> [Your task]: Each entry below is to be extracted exactly.

Records from a dataset
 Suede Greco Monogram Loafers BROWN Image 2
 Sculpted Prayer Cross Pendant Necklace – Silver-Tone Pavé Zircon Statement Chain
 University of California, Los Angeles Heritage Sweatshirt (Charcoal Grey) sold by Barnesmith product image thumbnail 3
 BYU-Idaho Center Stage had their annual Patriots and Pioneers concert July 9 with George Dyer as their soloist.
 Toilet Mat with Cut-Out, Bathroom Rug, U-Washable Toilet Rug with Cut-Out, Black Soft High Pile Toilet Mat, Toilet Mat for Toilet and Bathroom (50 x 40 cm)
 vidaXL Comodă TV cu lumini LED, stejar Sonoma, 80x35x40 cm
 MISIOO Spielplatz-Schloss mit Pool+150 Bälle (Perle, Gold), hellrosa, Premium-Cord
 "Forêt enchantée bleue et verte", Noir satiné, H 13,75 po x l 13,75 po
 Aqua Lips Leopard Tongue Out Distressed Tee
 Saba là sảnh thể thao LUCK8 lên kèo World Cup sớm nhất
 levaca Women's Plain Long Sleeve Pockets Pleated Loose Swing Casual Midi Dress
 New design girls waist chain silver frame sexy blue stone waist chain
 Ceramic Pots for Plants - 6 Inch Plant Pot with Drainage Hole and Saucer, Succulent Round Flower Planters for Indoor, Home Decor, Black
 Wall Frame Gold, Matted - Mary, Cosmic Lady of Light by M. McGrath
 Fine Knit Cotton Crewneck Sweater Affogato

> [Task result]:
 Suede Greco Monogram Loafers BROWN Image 2
 Sculpted Prayer Cross Pendant Necklace – Silver-Tone Pavé Zircon Statement Chain
 University of California, Los Angeles Heritage Sweatshirt (Charcoal Grey) sold by Barnesmith product image thumbnail 3
 BYU-Idaho Center Stage had their annual Patriots and Pioneers concert July 9 with George Dyer as their soloist.
 Toilet Mat with Cut-Out, Bathroom Rug, U-Washable Toilet Rug with Cut-Out, Black Soft High Pile Toilet Mat, Toilet Mat for Toilet and Bathroom (50 x 40 cm)
 vidaXL Comodă TV cu lumini LED, stejar Sonoma, 80x35x40 cm
 MISIOO Spielplatz-Schloss mit Pool+150 Bälle (Perle, Gold), hellrosa, Premium-Cord
 "Forêt enchantée bleue et verte", Noir satiné, H 13,75 po x l 13,75 po
 Aqua Lips Leopard Tongue Out Distressed Tee
 Saba là sảnh thể thao LUCK8 lên kèo World Cup sớm nhất
 levaca Women's Plain Long Sleeve Pockets Pleated Loose Swing Casual Midi Dress
 New design girls waist chain silver frame sexy blue stone waist chain
 Ceramic Pots for Plants - 6 Inch Plant Pot with Drainage Hole and Saucer, Succulent Round Flower Planters for Indoor, Home Decor, Black
 Wall Frame Gold, Matted - Mary, Cosmic Lady of Light by M. McGrath
 Fine Knit Cotton Crewneck Sweater Affogato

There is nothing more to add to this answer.